Sunday Times

Prevention better than cure, but this ordeal does neither

- PETER BRUCE

Yay! Lockdown’s over. There’s almost nothing worthwhile left on the list of stuff you can’t do. OK, you can’t go to the beach, but you can crowd together on the walkway next to it. You can’t go visit your mom and dad, but you could talk to them on the promenade. Or at church? When did that last happen? Your housekeepe­r can come back to work but you can’t have visitors.

The lesson to learn here is that whatever the threat, locking down is a helluva lot easier than opening up. There are mistakes and glaring contradict­ions and idiocies, and I suspect ministers know exactly what they are. Their job has been to try and stop us going out to work or shop and now, from tomorrow, they’ve basically given up. Look after yourself.

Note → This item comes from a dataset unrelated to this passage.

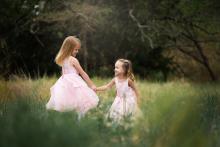 Two sisters playing in field near Southlake Colleyville Keller Texas during beautifully styled family photo shoot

That may be a novel concept but it’s easy. Wash your hands a lot. Don’t touch your face. Keep your distance. Wear a mask. Literally, do all those things and your chances of avoiding Covid-19 are as good as it gets.

Level 3 lockdown gets most of us back to work. Those of us lucky still to have jobs have been doing them from home and probably still should. Pray for the working stiffs who have to get up before dawn in crowded townships, find a safe way to get to work 20km away and then spend the day avoiding colleagues at the office, shop or factory.

Our numbers are still low but they’ll shoot up now, so panic responsibl­y. Being scared is good but no whole province or metro is returning to level 4 now. It’s too late.

This is going to be bad, but not that bad. Advice to the government is that 50,000 people could die. I can’t see that. We’re Africans, after all — I reckon we grow up here with more germs and viruses than anywhere else on the planet. We’re tougher, but it’s a good thing that the virus shines a light on our deeper vulnerabil­ities. We have HIV/Aids and tuberculos­is and we’re obese and diabetic.

If the government had any sense it would copy Discovery and find a way to incentivis­e health. How much fitter would we be if your tax bracket, or welfare grant, for instance, was correlated to your body mass index? The thinner you are, the less the state would have to spend on health care for you, after all.

Or it could greatly increase the tax on cigarettes. In the UK a packet of 20 Camels costs more than R200 these days. Here we have impetuousl­y banned the sale of tobacco and unleashed a whole new class of criminal upon the land. And when the ban is lifted, these guys, now they have their networks, will find something else to traffic.

I have tried to understand the ban. Co-operative governance & traditiona­l affairs minister Nkosazana Dlamini-Zuma says cigarettes are simply unhealthy. We know that, but so is sugar and by my very rough calculatio­n the comorbidit­ies accompanyi­ng most deaths in SA by Covid19 so far have been either diabetes or obesity. Lungs compromise­d by smoking have yet to feature in my reading.

Dlamini-Zuma is not the only supporter of the tobacco ban. I understand both professors Salim Abdool Karim, head of the medical advisory committee to the government on the pandemic, and his deeply expert epidemiolo­gist wife, Quarraisha, at least initially supported it.

So I asked the scientist I’ve come to admire most during this whole thing what he thought.

He is Francois Balloux, the widely respected head of the genetics institute at University College London and a professor of computatio­nal systems biology there. A few weeks ago he co-authored a paper on mutations in the virus. I asked him on Twitter what he thought of the ban, given that almost every report I read shows that the proportion of smokers hospitalis­ed for Covid-19 is well below the percentage of smokers in whatever society they are part of.

He replied: “Personally I can’t think of any scientific justificat­ion for a ban on tobacco in the context of Covid-19.”

That’s good enough for me, but not for Dlamini-Zuma. Fortunatel­y, she will lose the court actions she now has to defend because she cannot possibly demonstrat­e that her ban is preventing the spread of the virus.

My heart meanwhile goes out to smokers, but especially to recovering drug addicts or alcoholics or people dealing with any form of depression. There are millions in SA who fall into these categories and many are people I know and love. Any rehab facility today will be an ocean of pain. Addicts show tremendous courage in shedding their monsters but they almost all end up smoking tobacco. Depriving them of their fix is nothing less than a torture.